Hudson Park in Yonkers has brought new residents to local shops and increased usage of the historic train station.
But we aren’t there yet, with more challenges to be addressed. Local policies like parking regulations, outdated zoning policies, lack of sewer infrastructure, and overly burdensome development approval processes, still push developers toward the path of least resistance: to states with comprehensive TOD strategies, or into sprawl development. Even though TOD can improve the financial situation for transit operators, the state does not have a coordinated strategy to assist with TOD planning or to defray the costs as compared to suburban development.
In part because of the higher cost of TOD in New York, many units that have been developed are luxury or higher end. This results in fewer affordable and mixed-income options. It does not adequately address the issues of displacement and gentrification. This is an unacceptable side effect as projections indicate that low-income riders are most likely to be a transit systems greatest user (by 2030 more than half of the potential demand for housing near transit will come from households below area median income).
The best examples of public support for TOD have come from local governments and states that develop holistic approaches to realizing its economic benefits while advancing social goals.
As highlighted in the 2011 report by RPA, Getting it Done, which offers strategies for Long Island to improve their TOD landscape, the City of Fairfax, VA was identified as a place that has been able to streamline the planning process for new development, creating one point of contact for all information and forms.
Two programs out west showcase the benefits of cooperation between government, non-profit and the private sector in funding TOD. The San Francisco Bay Area Transit-Oriented Affordable Housing (TOAH) Fund is a $50m public, private and non-profit collaboration for the development of affordable housing, retail space and other critical services. Eighty-five percent of the fund capital is dedicated to the creation of affordable units. The fund, which closed in 2011, included support for pre-development and acquisition among other activities that traditional financiers have shied away from.
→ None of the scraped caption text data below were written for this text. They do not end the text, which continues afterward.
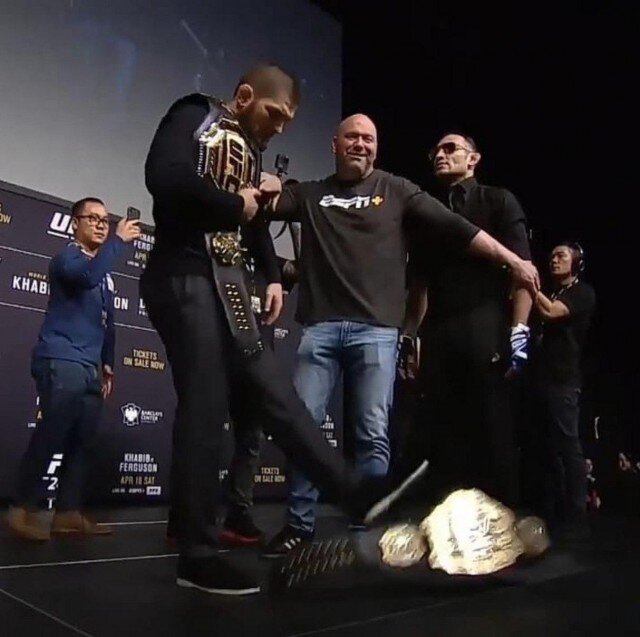 Хабиб, зная какой кровью и потом зарабатываются победы и титулы в UFC пинает пояс Фергюсона. Уважение? Спокойствие? Не думаю.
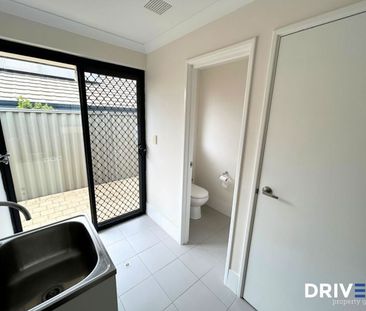 Spacious Family Home Close to Schools and the Beach - Photo 5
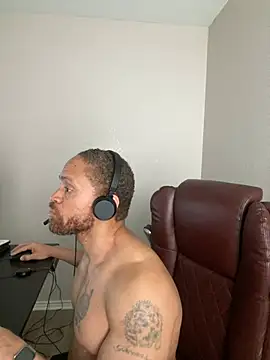 Fathero1time Live XXX Chat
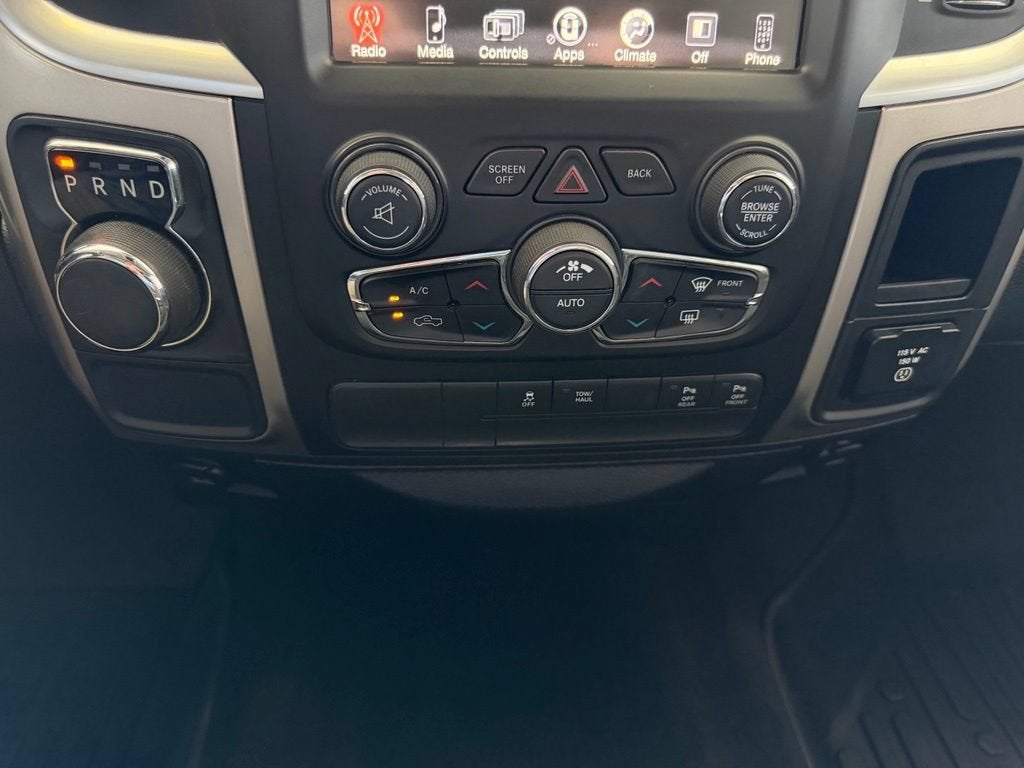 2017 RAM 1500 Base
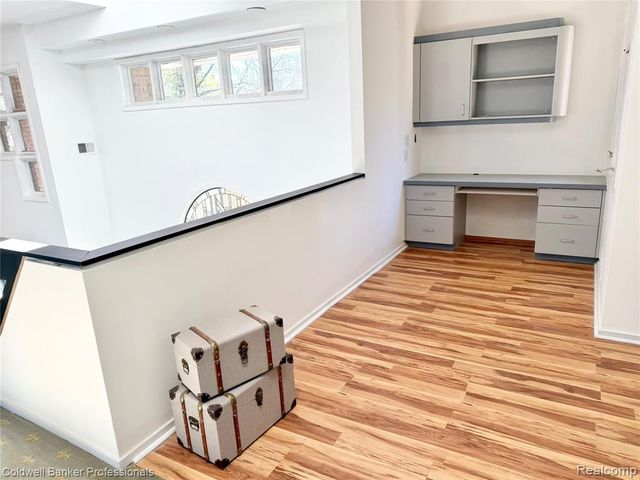 4692 W Wickford, Bloomfield Hills, MI 48302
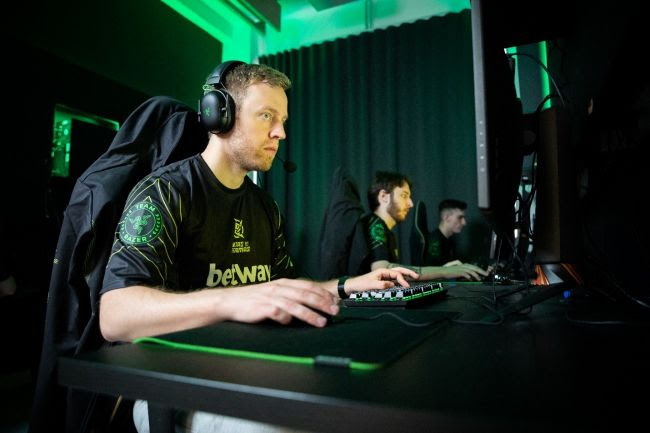 Razer é a nova parceira da gigante dos esports Ninjas in Pyjamas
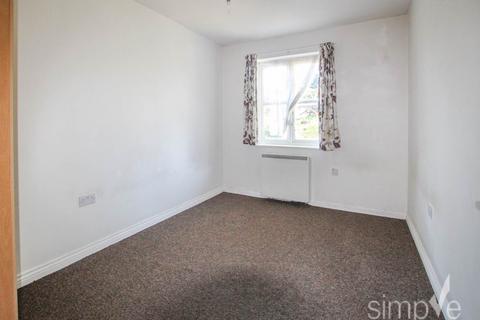 2 bedroom flat to rent, Reid Close, Hayes, Middlesex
A similar approach in Denver, the Mile High Transit Oriented Development Fund, is a $15m fund that is expected to create or preserve 1,000 affordable units. Strategic land acquisitions promise future sustainable and equitable growth.
Creating environments with access to transit for those who rely on it is important. While certainly there exist additional challenges in an intensely developed region like New York, derivatives of these programs could create an easier path forward for the type of TOD desired and needed. It’s vital to further support our transit capability, the people who rely on it, and the countless new riders across the state who are demanding it.